HyperLogLog (or how we estimate large numbers of unique URLs)

Fabien Marty
Botify Labs
Published in
5 min readFeb 1, 2024
AI hallucination with the prompt “illustration on HyperLogLog” ?!?! => It makes sense to write a blog post ;-)

A real-life use case @Botify

Let’s say we have dozens of text files, each containing several million URLs. These files are generated by some batch jobs and, once generated, can be considered “read-only”.

Now, we want to build an interactive service that returns the total number of unique URLs in a subset of these files (bearing in mind that there may of course be duplicate URLs between different files).

As this is an interactive service (with a real human waiting for the result!) it has to be very fast 🚀

Let’s zoom out a little bit

Before digging into this real-life example @Botify, let’s zoom out a little bit and try to consider a more general question: how to get the number of unique values (aka cardinality) within a huge dataset?

The “exact” way

To do that exactly, we have to scan the whole dataset and for each value:

  • keep in memory the value (or, better, a hash of this value) in an “already found” data structure with fast random access (a dict in Python, a map in Golang…)
  • check if the value is in this “already found” data structure

In the end, your result is the length of your “already found” data structure.

Cons:

  • this is a little bit CPU intensive* when the dataset is very large
    (~ 20s for 100 million values on my M1 laptop in Golang)
  • you need a significant amount of memory for your “already found” data structure
    (~ 20 bytes per value in the best case: memory-efficient language like Golang, hashed value…)

[*]: For each value [complexity: O(n)] you have to request your “already found” data structure [complexity: O(log n)]
=> final complexity ~ O(n.log n)

The “estimated” way

Now, imagine you can estimate the number of unique values with:

  • an error rate of ~ 1%
    (in most cases)
  • with much lower CPU usage
    (divided by ~ 5 in my basic test with 100 million values)
  • with incredibly less memory (a few KBytes only!)
    (divided by ~ 120 000!!! in my basic test with 100 million values)

Interesting!
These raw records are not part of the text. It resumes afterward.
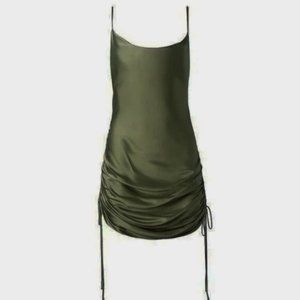 ARITZIA Wilfred Only Ruched Slip Dress in Dark Green XS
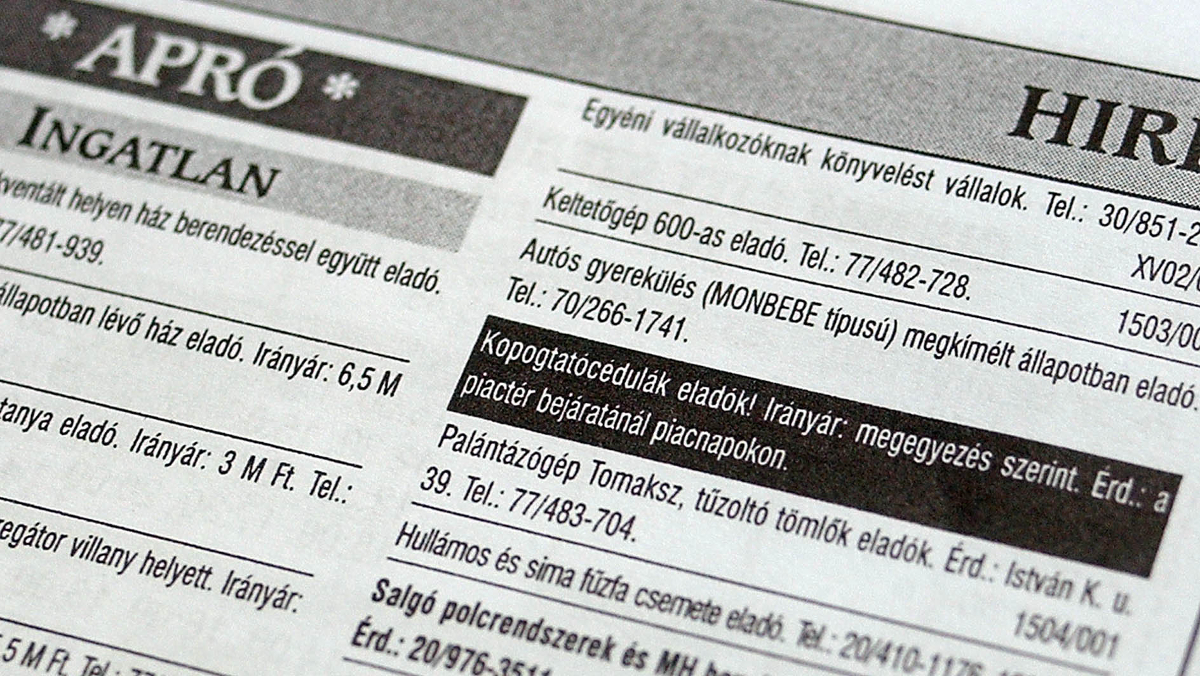 apróhirdetési újság MTI Fotó: Ujvári Sándor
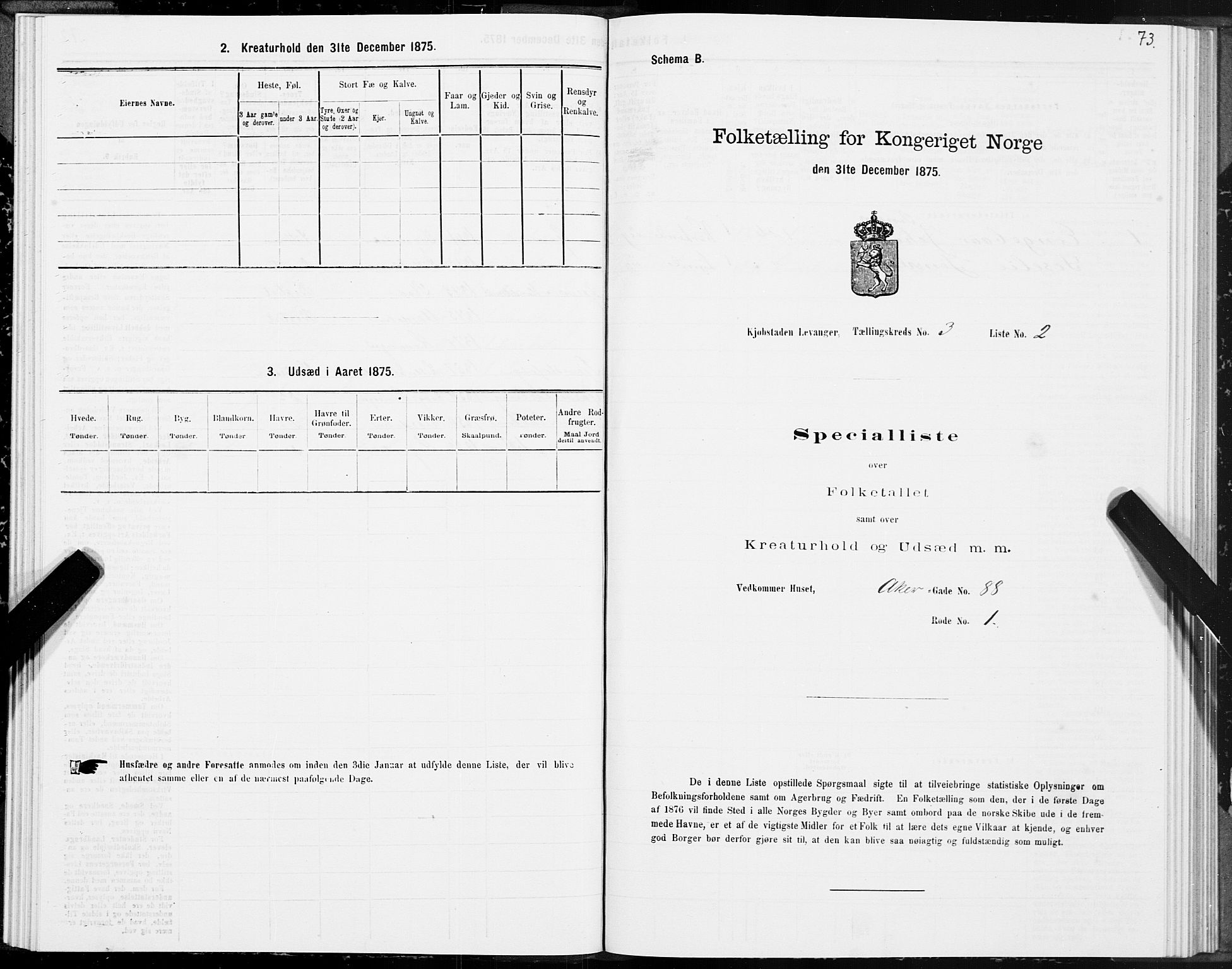 SAT, 1875 census for 1701B Levanger/Levanger, 1875, p. 73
Isn’t it?

That’s the magic of the HyperLogLog probabilistic algorithm we’re going to talk about!

HyperLogLog: how can it simply work?

The algorithm is documented in the original paper from Philippe Flajolet a French mathematician, and its practical implementation and variants were covered in depth by a 2013 paper from Google.

Let’s try to demystify it (with huge simplifications)

Say we have a hash function to transform a value (a string in our example) into an integer (for example a 64 bits integer) and then into a binary representation of this integer (so an ordered list of 64 binary values: 0or 1):

The (very simplified) idea behind HyperLogLog is to count the longest series of leading zeros
(among all the binary representations of values whose cardinality we want to estimate)
.

For a single value, if the hash function is “perfect”, you would probably agree that the probability for the binary hash to start with 20 leading zeros is 1/2²⁰.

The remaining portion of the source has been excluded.